EXERCISE DATA:
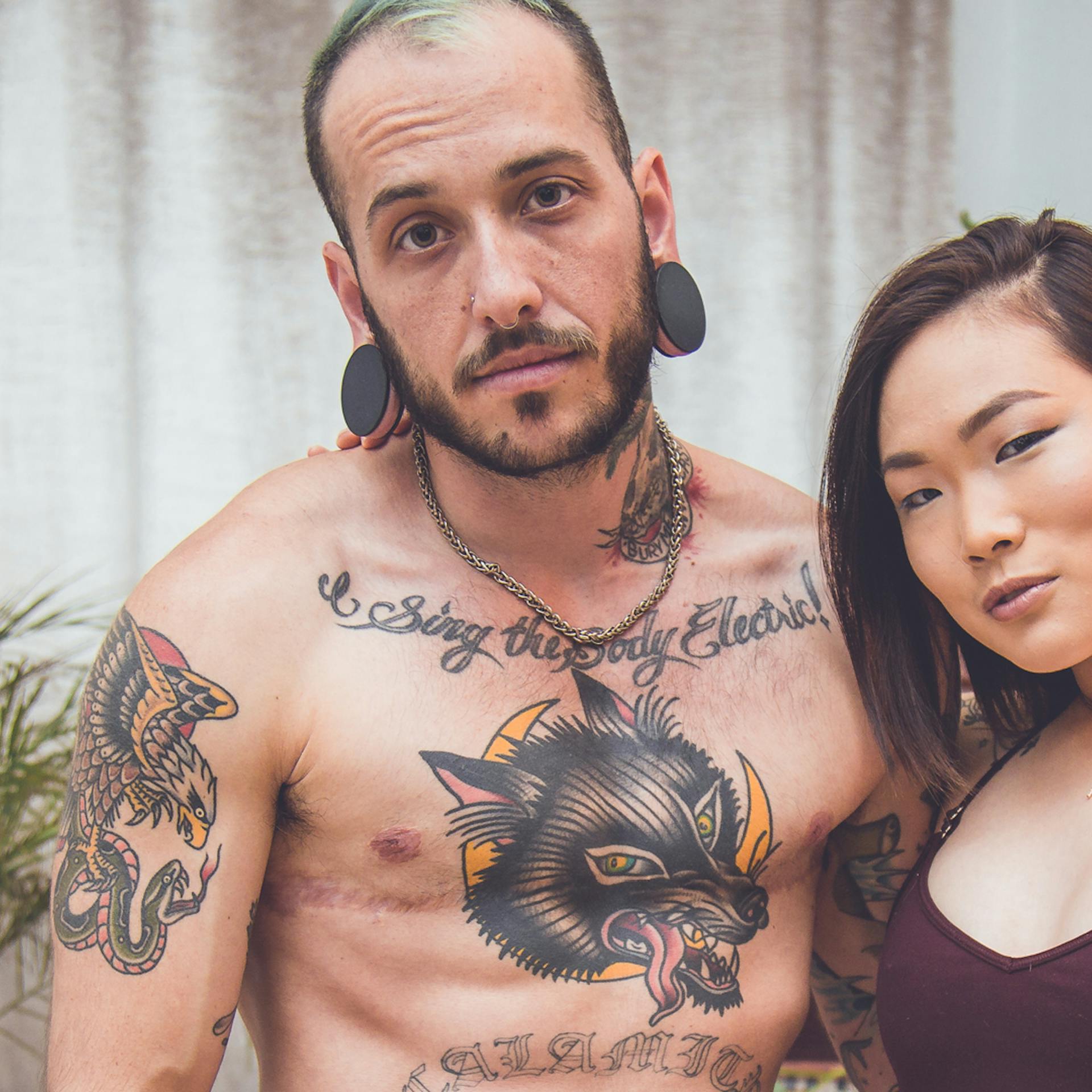 3 month membership 3 month membership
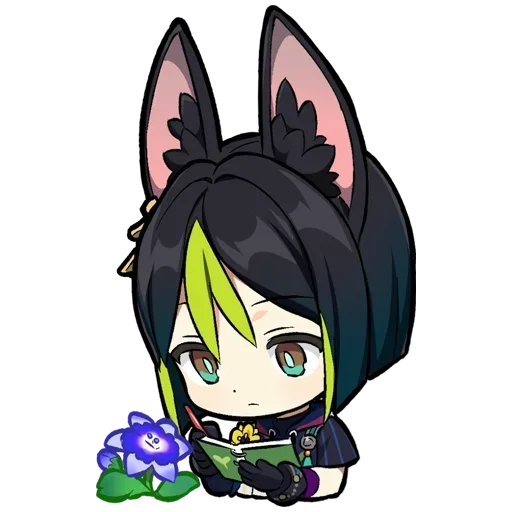 Эмодзи Project Sekai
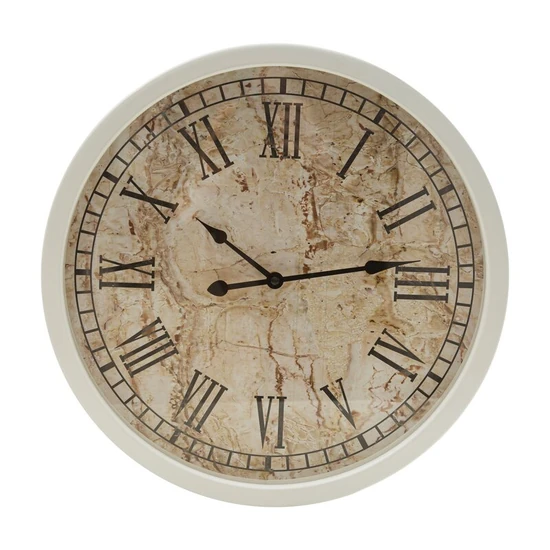 ze67-faliora-bezs-40-x-7-x-40-cm-hs423346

TASK: Restate the lines above exactly, from the one bearing "Эмодзи Project Sekai" through the final line of the material, both included, omitting pictures.

TASK RESPONSE:
 Эмодзи Project Sekai
 ze67-faliora-bezs-40-x-7-x-40-cm-hs423346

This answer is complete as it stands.